**TASK TO CARRY OUT**
Leave out any picture and return the remaining listing below exactly as given.

**STORED DATA**

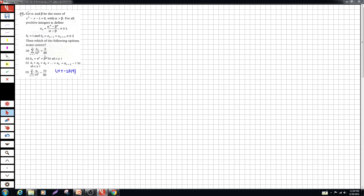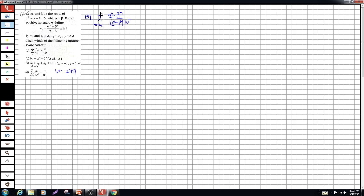This question is from IIT JEE Advanced 2019 Paper 1. Looking at the options, option D gives a value for aₙ. So let's check option D first — whether it's true or false. We know aₙ = (αⁿ - βⁿ) / (α - β). Now we also have 10ⁿ, so let's write the series summing over n = 1 to infinity.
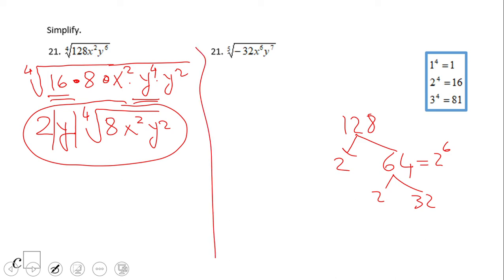You may want to try number 25. Here's a clue: 2⁵ = 32.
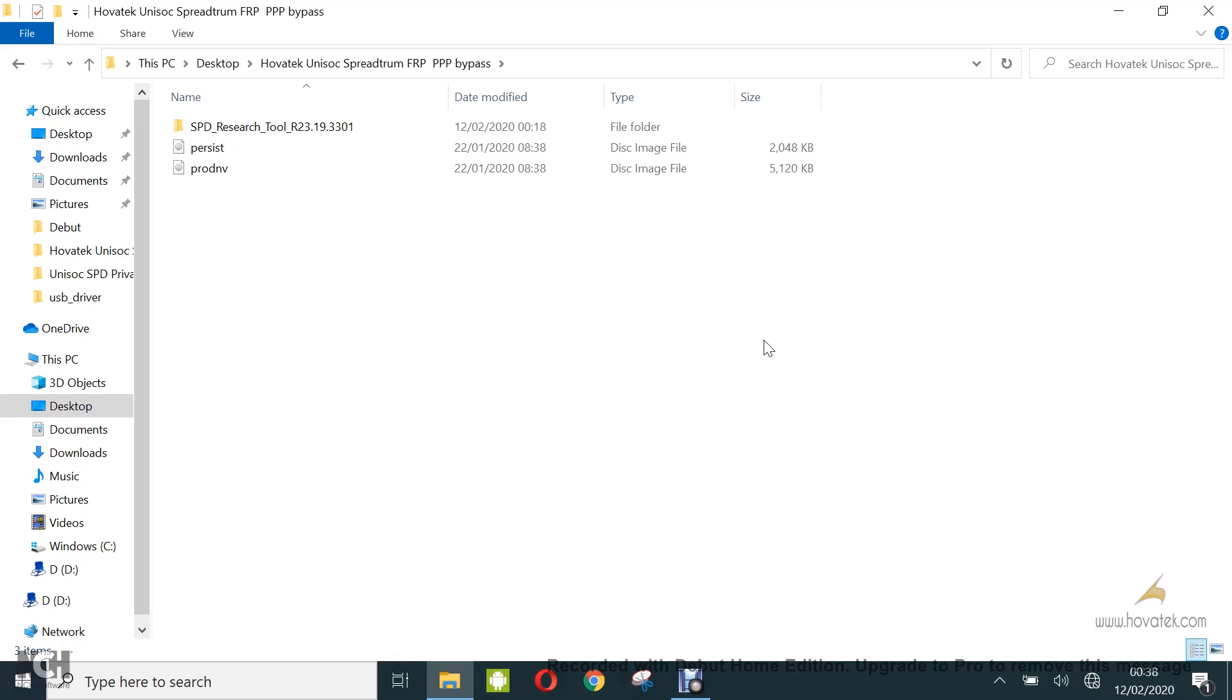Now for you to use this guide, you need to have the pack file for your device module. You also need the persist.img and prod.img backup from a working phone of the same module. I'll link a guide on how to extract those using the reset download tool. You're also going to need the reset download tool. I'll also link to that in the description.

**RESPONSE TO THE EXERCISE**
This question is from IIT JEE Advanced 2019 Paper 1. Looking at the options, option D gives a value for aₙ. So let's check option D first — whether it's true or false. We know aₙ = (αⁿ - βⁿ) / (α - β). Now we also have 10ⁿ, so let's write the series summing over n = 1 to infinity.
You may want to try number 25. Here's a clue: 2⁵ = 32.
Now for you to use this guide, you need to have the pack file for your device module. You also need the persist.img and prod.img backup from a working phone of the same module. I'll link a guide on how to extract those using the reset download tool. You're also going to need the reset download tool. I'll also link to that in the description.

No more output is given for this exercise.